Please note that issues that do not follow the contributing guidelines are likely to be ignored.

sayakpaul commented 4 months ago

Is this still a problem?

zhangvia commented 4 months ago

Is this still a problem?

given that the device-map=auto can only place the model to different gpus according to the model size. i add AlignDevicesHook to every model manually. but the load_lora_weights method will remove all AlignDevicesHook and never add hooks back which really confused me. i change the hook class name, so the load_lora_weights method will not remove the hook. and until now, my code runs as expected

sayakpaul commented 4 months ago

but the load_lora_weights method will remove all AlignDevicesHook

That is only temporary. We add them back. See here:

https://github.com/huggingface/diffusers/blob/7bfc1ee1b2cb0961ff111f50a9d096816e4dd921/src/diffusers/loaders/lora.py#L517

zhangvia commented 4 months ago
 if is_model_cpu_offload:
    _pipeline.enable_model_cpu_offload()
elif is_sequential_cpu_offload:
    _pipeline.enable_sequential_cpu_offload()

it just call the enable_model_cpu_offload() or enable_sequential_cpu_offload(). actually i never call the enable_model_cpu_offload() or enable_sequential_cpu_offload(), my AlignDevicesHook are added to model manually to place models to different gpus. and i think we can't assume that the enable_model_cpu_offload() or enable_sequential_cpu_offload() are called when some model in pipeline has AlignedDevicesHook

sayakpaul commented 4 months ago

it just call the enable_model_cpu_offload() or enable_sequential_cpu_offload().
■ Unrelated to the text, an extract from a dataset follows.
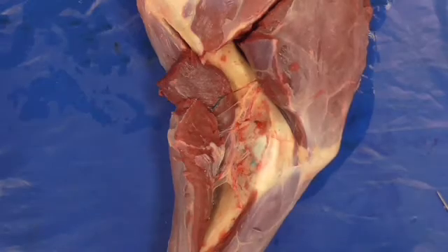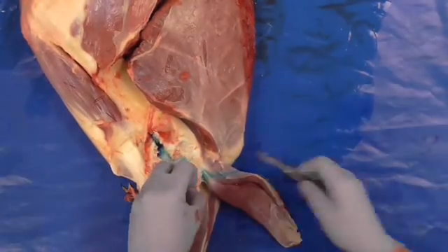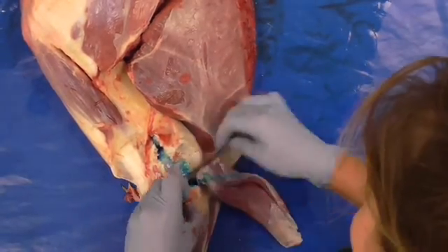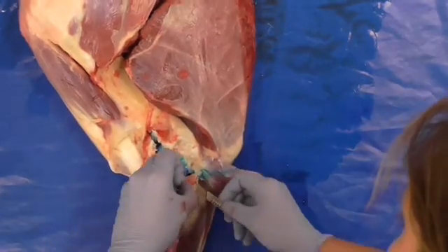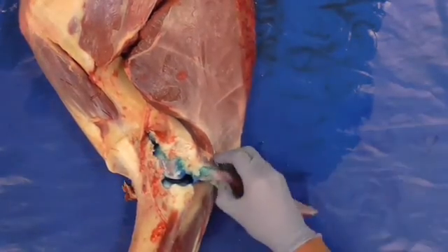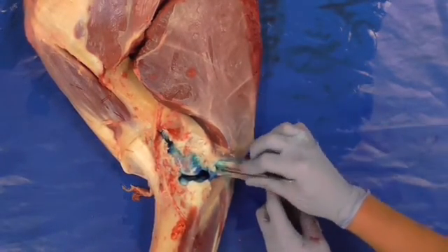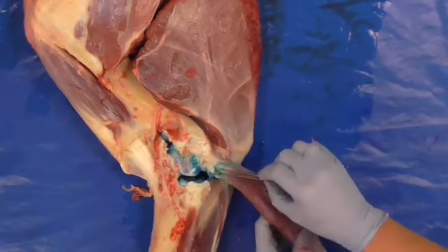No variation was found in the anatomical location of the nerve in the limbs dissected. The ulnaris lateralis bursa and the elbow joint were then opened to show blue staining, which was present in all 70 elbow joints and 40 bursas. In the limbs where communication was present, a window in the membrane between the two structures could be easily identified.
Those methods are responsible for placing the hooks.

For example: https://github.com/huggingface/diffusers/blob/7bfc1ee1b2cb0961ff111f50a9d096816e4dd921/src/diffusers/pipelines/pipeline_utils.py#L1077

Thing is we are not supposed to call any offloading related utilities manually when any component underlying a pipeline was initialized with "balanced" device_map. This should be sufficiently clear from the errors:

https://github.com/huggingface/diffusers/blob/7bfc1ee1b2cb0961ff111f50a9d096816e4dd921/src/diffusers/pipelines/pipeline_utils.py#L1030

zhangvia commented 4 months ago

Thing is we are not supposed to call any offloading related utilities manually when any component underlying a pipeline was initialized with "balanced" device_map.
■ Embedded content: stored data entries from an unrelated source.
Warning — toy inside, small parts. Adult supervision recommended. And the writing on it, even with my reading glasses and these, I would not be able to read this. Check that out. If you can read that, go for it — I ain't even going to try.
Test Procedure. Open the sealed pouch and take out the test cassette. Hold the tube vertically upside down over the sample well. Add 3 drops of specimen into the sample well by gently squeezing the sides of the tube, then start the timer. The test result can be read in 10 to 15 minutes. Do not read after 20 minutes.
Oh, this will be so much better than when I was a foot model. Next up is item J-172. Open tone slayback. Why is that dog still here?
i agree with that. but in the previous version, _optionally_disable_offloading() method will return is_sequential_cpu_offload=True because of the AlignDevicesHook when using device_map, which will offload the model to cpu

but i need use more flexible device_map, so i'm still adding hook manually. thank you for your patience ! but i still think we are not supposed to set is_sequential_cpu_offload=True just when the model has AlignDevicesHook. maybe somthing like this?:

is_sequential_cpu_offload = component.device.type=='cpu' and (
                            isinstance(component._hf_hook, AlignDevicesHook)
                            or hasattr(component._hf_hook, "hooks")
                            and isinstance(component._hf_hook.hooks[0], AlignDevicesHook)
                        )
sayakpaul commented 4 months ago

Feel free to open a PR and we can take it from there :-)
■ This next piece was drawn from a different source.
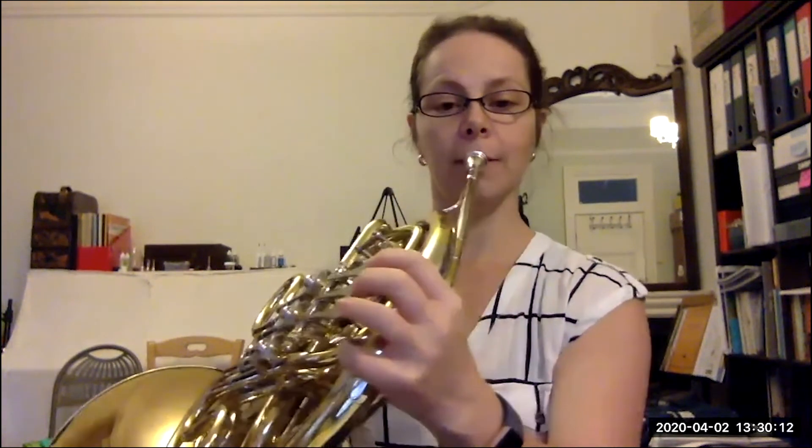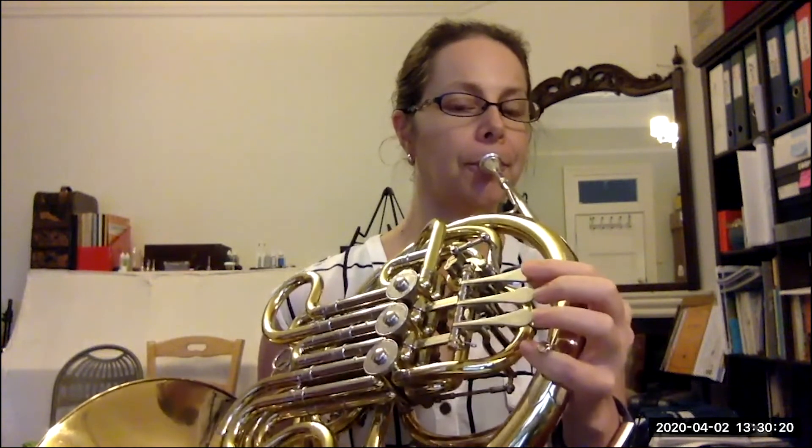One, two, three, four. Do you think you can join me this time? I'm going to play and then you're going to copy back. Are you ready? Your turn. One, two, three, four. E, D, C, off.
zhangvia commented 4 months ago

i've just created pr #8750 for this

github-actions[bot] commented 1 month ago

This issue has been automatically marked as stale because it has not had recent activity. If you think this still needs to be addressed please comment on this thread.

Please note that issues that do not follow the contributing guidelines are likely to be ignored.